I chose a variety of candidate variables, some of which could not possibly display perfect multicollinearity. I tried looking up help for this issue, but all that I could find recommended removing redundant variables until the issue is resolved (VIF decreases sufficiently), but the multicollinearity exists among almost all possible combinations of variables.

I feel like it might be because of how I did my joins, or maybe that I can't use shape area as a dependent variable, but I have very little idea what is wrong. I would love help on the exploratory regression, but I am also open to other data analysis ideas. If you have any questions I would be happy to answer.
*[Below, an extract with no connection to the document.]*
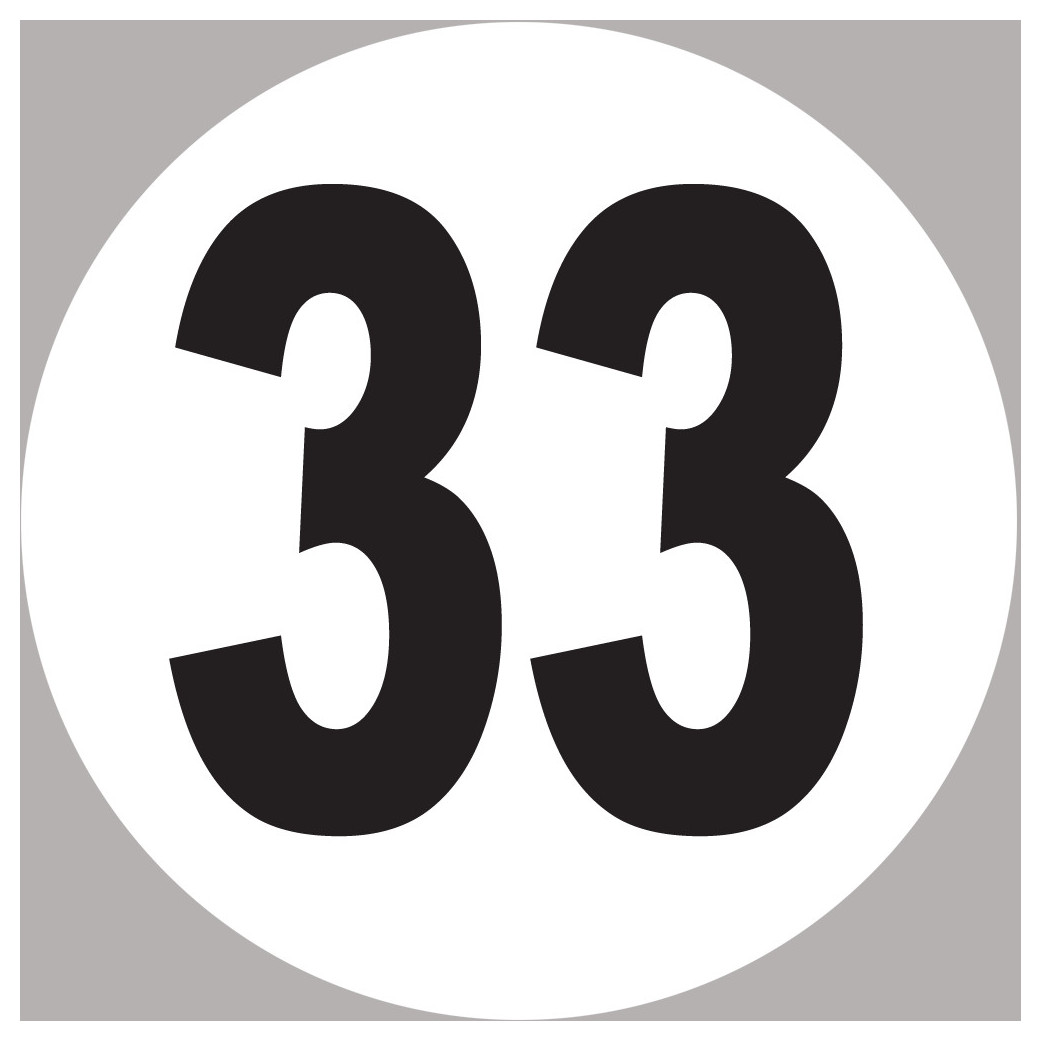 numéro 33 - 10x10m - Sticker/autocollant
  • Choose 3 of 12 Summary

                                                              Highest Adjusted R-Squared Results                                                         

    AdjR2    AICc   JB K(BP)  VIF   SA   Model                                                                                                                 

     0.31 3725.42 0.00  0.99 7.57 0.01  -HOUSEHOLDS_WITH_INDIVIDUALS_65_YEARS_AND_OVER***  +VACANT_HOUSING_UNITS***  +IRGCROPSCONSUMPTIVEUSE4CROPSFRESH_MGAL_D**

     0.31 3726.49 0.00  0.96 7.93 0.01  -TOTAL_HOUSEHOLDS***  +VACANT_HOUSING_UNITS***  +IRGCROPSCONSUMPTIVEUSE4CROPSFRESH_MGAL_D**                            

     0.30 3727.41 0.00  0.93 7.55 0.01  -TOTAL_POPULATION***  +VACANT_HOUSING_UNITS***  +IRGCROPSCONSUMPTIVEUSE4CROPSFRESH_MGAL_D**                            

           Passing Models      

    AdjR2 AICc JB K(BP) VIF SA   Model

     WARNING 001304: Unable to estimate the following models due to severe multicollinearity (data redundancy).

     WARNING 001176: Perfect Multicollinearity in: SHAPE_AREA ~ Intercept + TOTAL_POPULATION + MEDIAN_AGE__YEARS_ + TOTAL_HOUSEHOLDS.

     WARNING 001176: Perfect Multicollinearity in: SHAPE_AREA ~ Intercept + TOTAL_POPULATION + WHITE + BLACK_OR_AFRICAN_AMERICAN.

     WARNING 001176: Perfect Multicollinearity in: SHAPE_AREA ~ Intercept + TOTAL_POPULATION + WHITE + TOTAL_HOUSEHOLDS.

     WARNING 001176: Perfect Multicollinearity in: SHAPE_AREA ~ Intercept + TOTAL_POPULATION + WHITE + RENTER_OCCUPIED_HOUSING_UNITS.

     WARNING 001176: Perfect Multicollinearity in: SHAPE_AREA ~ Intercept + TOTAL_POPULATION + BLACK_OR_AFRICAN_AMERICAN + TOTAL_HOUSEHOLDS.

     WARNING 001176: Perfect Multicollinearity in: SHAPE_AREA ~ Intercept + TOTAL_POPULATION + TOTAL_HOUSEHOLDS + HOUSEHOLDS_WITH_INDIVIDUALS_UNDER_18_YEARS.

     WARNING 001176: Perfect Multicollinearity in: SHAPE_AREA ~ Intercept + TOTAL_POPULATION + TOTAL_HOUSEHOLDS + HOUSEHOLDS_WITH_INDIVIDUALS_65_YEARS_AND_OVER.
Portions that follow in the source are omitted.